__Goal of the exercise__.
Starting with the line that has "Hey everyone, Kevin" and finishing with the line that has "For the second", set down each line below exactly. Pictures are not copied.

__Supplied material__.

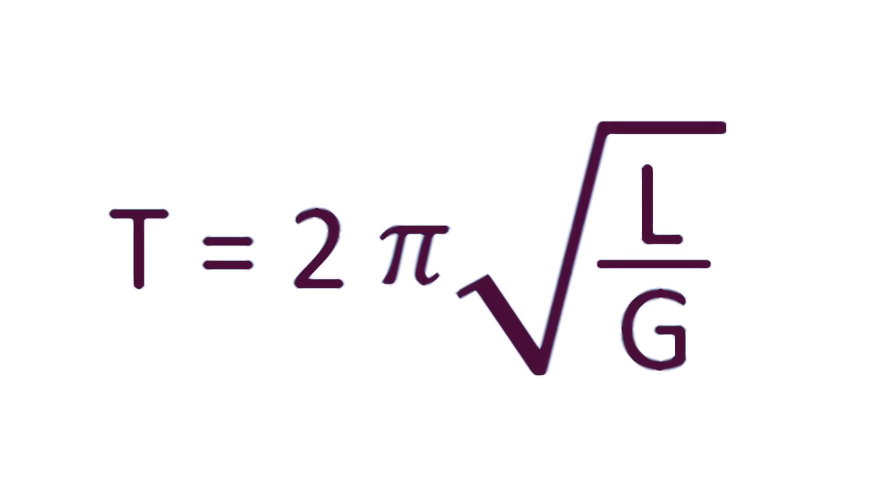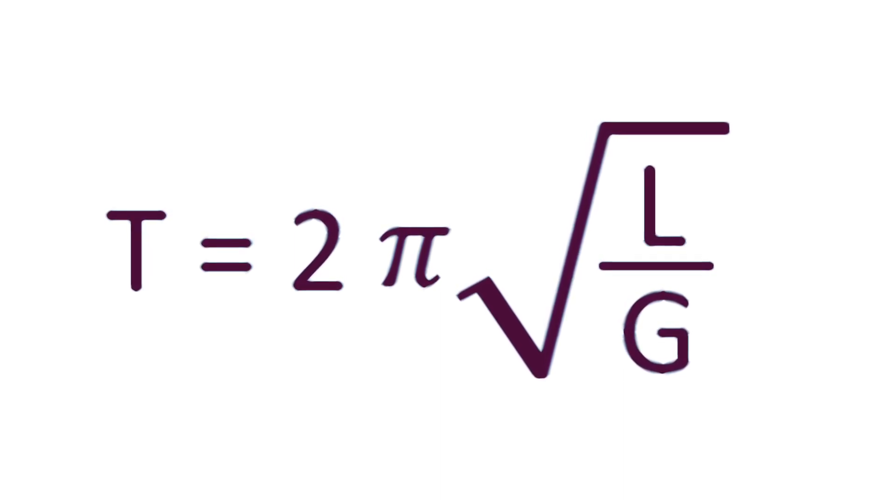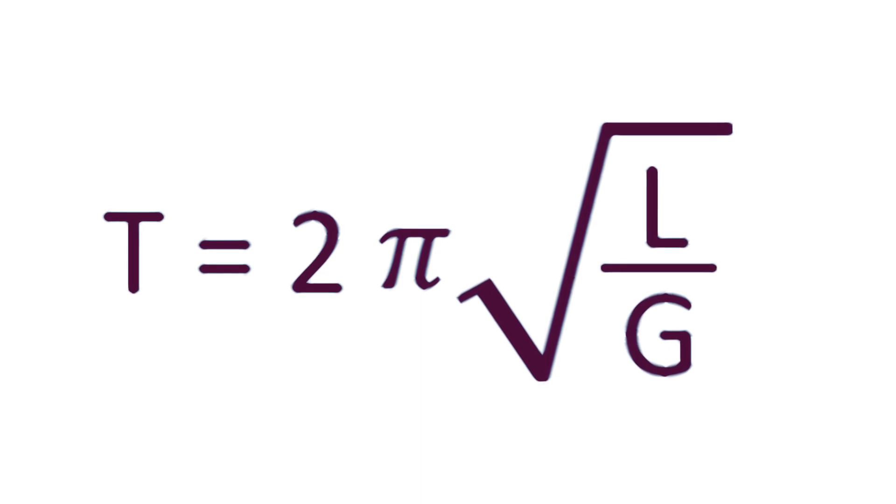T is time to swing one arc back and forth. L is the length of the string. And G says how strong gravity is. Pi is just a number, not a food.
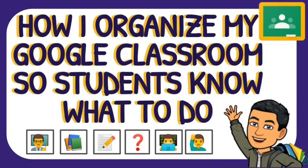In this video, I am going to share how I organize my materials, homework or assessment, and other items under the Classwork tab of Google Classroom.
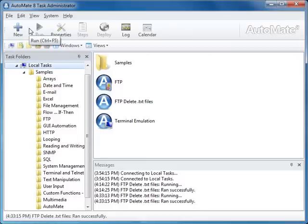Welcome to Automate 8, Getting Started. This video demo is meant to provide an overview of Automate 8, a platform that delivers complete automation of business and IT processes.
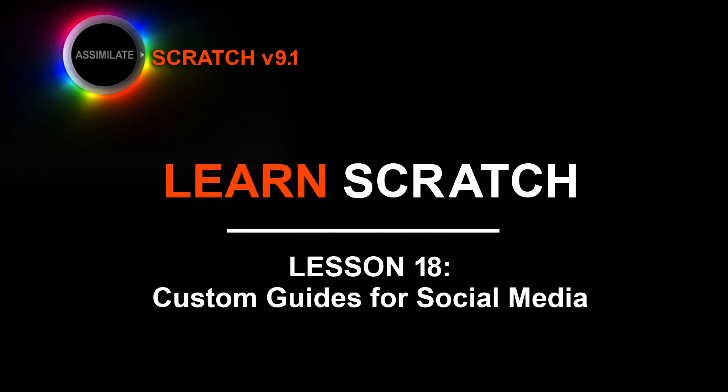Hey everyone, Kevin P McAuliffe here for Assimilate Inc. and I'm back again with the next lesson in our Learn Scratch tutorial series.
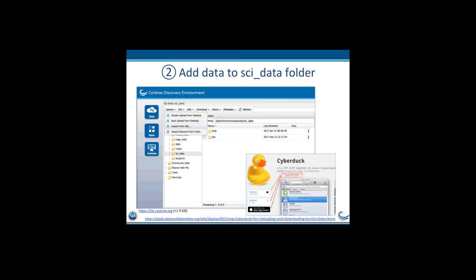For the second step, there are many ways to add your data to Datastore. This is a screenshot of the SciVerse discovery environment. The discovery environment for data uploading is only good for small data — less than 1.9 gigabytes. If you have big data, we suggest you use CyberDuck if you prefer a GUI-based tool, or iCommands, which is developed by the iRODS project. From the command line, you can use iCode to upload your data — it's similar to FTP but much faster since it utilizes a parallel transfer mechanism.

==

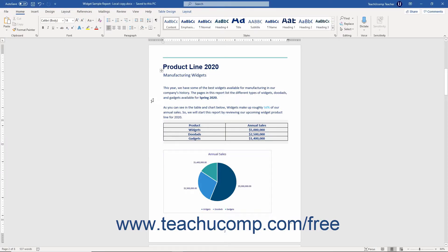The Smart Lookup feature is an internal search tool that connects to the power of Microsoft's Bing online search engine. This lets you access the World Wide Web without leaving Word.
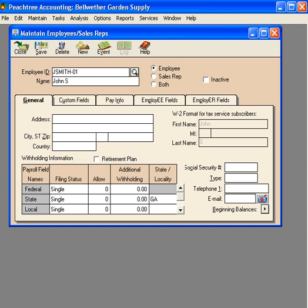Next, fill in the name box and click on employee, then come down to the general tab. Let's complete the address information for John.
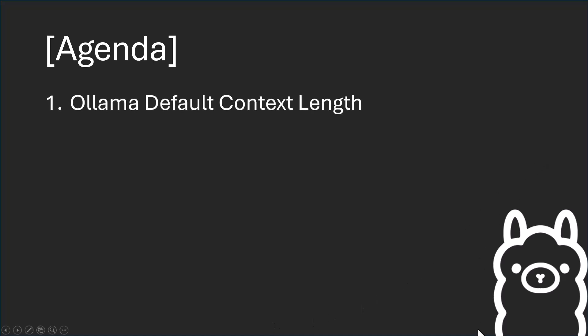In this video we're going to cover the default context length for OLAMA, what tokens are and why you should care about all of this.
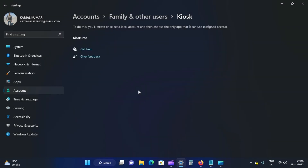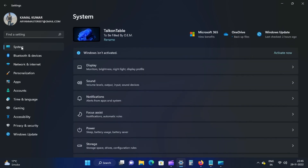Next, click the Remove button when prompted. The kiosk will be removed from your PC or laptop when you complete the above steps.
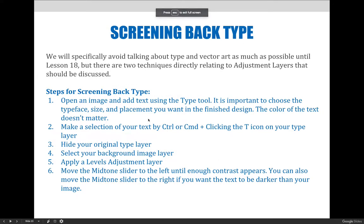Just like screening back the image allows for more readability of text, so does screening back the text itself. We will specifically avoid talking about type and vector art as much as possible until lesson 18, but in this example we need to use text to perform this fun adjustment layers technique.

__Response to this exercise__.
Hey everyone, Kevin P McAuliffe here for Assimilate Inc. and I'm back again with the next lesson in our Learn Scratch tutorial series.
For the second step, there are many ways to add your data to Datastore. This is a screenshot of the SciVerse discovery environment. The discovery environment for data uploading is only good for small data — less than 1.9 gigabytes. If you have big data, we suggest you use CyberDuck if you prefer a GUI-based tool, or iCommands, which is developed by the iRODS project. From the command line, you can use iCode to upload your data — it's similar to FTP but much faster since it utilizes a parallel transfer mechanism.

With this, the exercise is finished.